『ウィンストン・チャーチル/ヒトラーから世界を救った男』(原題:Darkest Hour)をみました。以下感想。
1940年。ドイツにあらわれた独裁者が、欧州をその手に収めつつあった頃。イギリスによって主導された対独宥和政策は、最早その失敗は明らかなように思われた。そのイギリス国家存亡の危機、あるいは自由と民主主義の危機に際して、野党の協力を取り付けるために首相に抜擢されたのは、かつての第一次世界大戦ガリポリの戦いで多数の死者を出した責任者と目され、また保守党内でも過去の造反から後ろ指をさされる老政治家、ウィンストン・チャーチルだった。彼はドイツに対して強硬な徹底抗戦を主張するが、未だ宥和派の勢力は根強く、閣僚のあいだでも意見はまとまらずにいた。

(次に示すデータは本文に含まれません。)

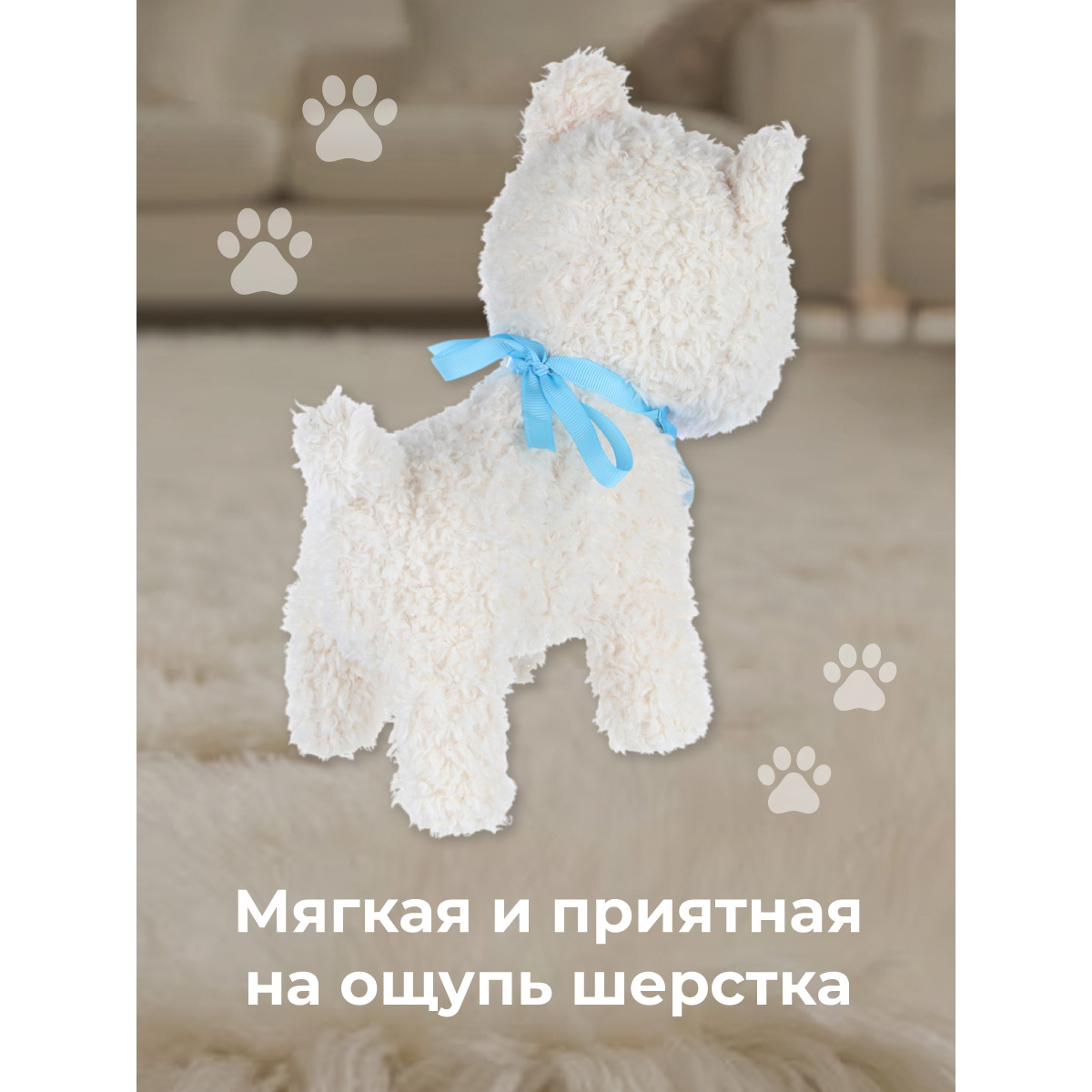 Игрушка Veld Co экипировка - фото 9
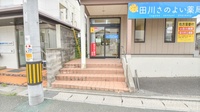 田川さのよい薬局の入口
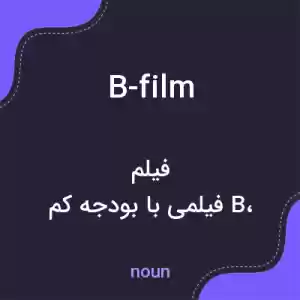 معنی b-film به فارسی معنی b-film به فارسی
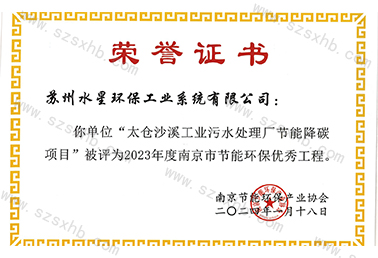 漯河节能环保产业协会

この老首相を主役に、首相就任からイギリスにおける宥和派を無力化するまでのおおよそ一カ月を描く。チャーチルが邦題通り「世界を救った」かどうかはおおいに疑問であるわけだが、映画の内容はそのような大風呂敷を広げることなく、極めてタイトな印象。野党の攻撃のまえに退陣してなお、党への影響力を発揮して宥和政策を推進しようとする前首相ネヴィル・チェンバレン、チェンバレンの後任と目されたが辞退したハリファックス伯爵、おもにこの二人との闘いが、映画のなかで描かれる。
原題によって予告されているように、カメラは暗い、陰影を帯びた空間を切り取っている。国会議事堂、チャーチル邸、バッキンガム宮殿、そして作戦司令室。いずれの舞台も揃いも揃って底抜けの明るさとは無縁であり、昼間であろうがある種の闇がそこに漂う。この闇のまとわりついた空間群の美しさがこの映画の大きな魅力ではないか、という気がして、それは時として主演のゲイリー・オールドマンの迫力すら凌駕する存在感を放つ。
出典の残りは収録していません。